**DATA SUPPLIED**

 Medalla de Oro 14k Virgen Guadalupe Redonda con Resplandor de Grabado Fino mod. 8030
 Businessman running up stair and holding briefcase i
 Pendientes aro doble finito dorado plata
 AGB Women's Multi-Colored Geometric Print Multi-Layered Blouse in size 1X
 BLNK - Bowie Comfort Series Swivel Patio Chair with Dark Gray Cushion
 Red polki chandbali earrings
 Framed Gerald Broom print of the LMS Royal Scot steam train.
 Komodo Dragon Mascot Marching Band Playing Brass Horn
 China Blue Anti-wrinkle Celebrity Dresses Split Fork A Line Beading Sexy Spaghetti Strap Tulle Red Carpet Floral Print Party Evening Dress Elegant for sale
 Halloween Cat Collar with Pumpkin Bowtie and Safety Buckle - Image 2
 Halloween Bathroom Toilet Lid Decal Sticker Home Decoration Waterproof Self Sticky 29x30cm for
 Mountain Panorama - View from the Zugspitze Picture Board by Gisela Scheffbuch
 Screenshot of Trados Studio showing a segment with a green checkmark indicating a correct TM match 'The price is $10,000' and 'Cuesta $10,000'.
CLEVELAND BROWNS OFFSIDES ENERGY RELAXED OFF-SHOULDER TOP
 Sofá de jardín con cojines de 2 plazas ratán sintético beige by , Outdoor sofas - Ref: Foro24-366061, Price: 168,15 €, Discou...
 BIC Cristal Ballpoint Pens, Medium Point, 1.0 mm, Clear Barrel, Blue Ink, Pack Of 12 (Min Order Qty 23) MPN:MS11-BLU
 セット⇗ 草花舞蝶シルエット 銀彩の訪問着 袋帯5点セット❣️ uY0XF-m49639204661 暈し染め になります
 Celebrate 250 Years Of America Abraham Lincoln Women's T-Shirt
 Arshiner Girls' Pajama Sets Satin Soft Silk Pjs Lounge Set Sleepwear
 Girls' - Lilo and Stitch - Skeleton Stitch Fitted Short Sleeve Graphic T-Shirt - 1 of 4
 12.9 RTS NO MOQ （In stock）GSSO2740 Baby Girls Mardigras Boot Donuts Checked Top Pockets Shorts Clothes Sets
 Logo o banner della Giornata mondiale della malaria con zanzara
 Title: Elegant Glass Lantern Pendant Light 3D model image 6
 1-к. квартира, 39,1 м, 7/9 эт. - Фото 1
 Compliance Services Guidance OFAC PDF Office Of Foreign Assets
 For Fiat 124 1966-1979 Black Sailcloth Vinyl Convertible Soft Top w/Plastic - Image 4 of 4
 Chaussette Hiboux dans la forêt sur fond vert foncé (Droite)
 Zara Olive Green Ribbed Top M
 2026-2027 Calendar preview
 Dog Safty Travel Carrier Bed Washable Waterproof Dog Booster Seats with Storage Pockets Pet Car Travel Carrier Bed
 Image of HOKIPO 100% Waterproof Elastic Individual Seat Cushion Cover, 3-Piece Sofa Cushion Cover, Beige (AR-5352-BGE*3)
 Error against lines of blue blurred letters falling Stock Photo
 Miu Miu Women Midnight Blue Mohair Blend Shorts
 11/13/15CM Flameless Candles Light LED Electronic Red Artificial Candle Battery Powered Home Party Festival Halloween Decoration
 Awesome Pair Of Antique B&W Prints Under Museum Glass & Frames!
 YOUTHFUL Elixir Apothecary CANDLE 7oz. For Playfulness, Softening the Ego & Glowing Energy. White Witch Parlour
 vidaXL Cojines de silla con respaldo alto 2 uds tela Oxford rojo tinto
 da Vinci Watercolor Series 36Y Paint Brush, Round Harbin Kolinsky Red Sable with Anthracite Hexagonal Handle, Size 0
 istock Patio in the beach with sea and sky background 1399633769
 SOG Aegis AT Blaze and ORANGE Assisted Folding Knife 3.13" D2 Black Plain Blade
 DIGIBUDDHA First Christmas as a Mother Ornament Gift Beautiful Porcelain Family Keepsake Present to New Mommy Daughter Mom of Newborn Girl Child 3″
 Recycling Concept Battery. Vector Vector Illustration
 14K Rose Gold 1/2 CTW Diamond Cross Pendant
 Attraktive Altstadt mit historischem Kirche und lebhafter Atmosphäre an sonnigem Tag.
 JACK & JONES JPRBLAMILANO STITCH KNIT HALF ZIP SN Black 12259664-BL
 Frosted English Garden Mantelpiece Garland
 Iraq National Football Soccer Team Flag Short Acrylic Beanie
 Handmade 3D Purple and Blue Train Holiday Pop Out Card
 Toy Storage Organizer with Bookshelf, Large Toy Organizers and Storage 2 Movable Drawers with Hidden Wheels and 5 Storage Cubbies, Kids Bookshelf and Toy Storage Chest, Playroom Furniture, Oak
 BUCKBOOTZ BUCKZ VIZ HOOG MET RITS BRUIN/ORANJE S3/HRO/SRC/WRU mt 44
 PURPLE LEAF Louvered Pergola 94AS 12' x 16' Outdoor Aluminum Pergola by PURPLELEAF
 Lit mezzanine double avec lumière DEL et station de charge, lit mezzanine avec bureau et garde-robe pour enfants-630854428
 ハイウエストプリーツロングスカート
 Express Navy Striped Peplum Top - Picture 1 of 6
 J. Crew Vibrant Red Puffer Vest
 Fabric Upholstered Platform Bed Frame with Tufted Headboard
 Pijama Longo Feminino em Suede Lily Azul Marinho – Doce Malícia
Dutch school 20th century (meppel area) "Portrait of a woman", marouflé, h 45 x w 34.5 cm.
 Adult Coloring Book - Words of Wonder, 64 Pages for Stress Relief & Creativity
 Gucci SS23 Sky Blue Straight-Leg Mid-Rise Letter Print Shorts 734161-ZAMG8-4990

**WHAT TO WORK ON**
Every line of the data that holds "Battery" should be counted, and only the total given.

**RESULT FOR THIS EXERCISE**
2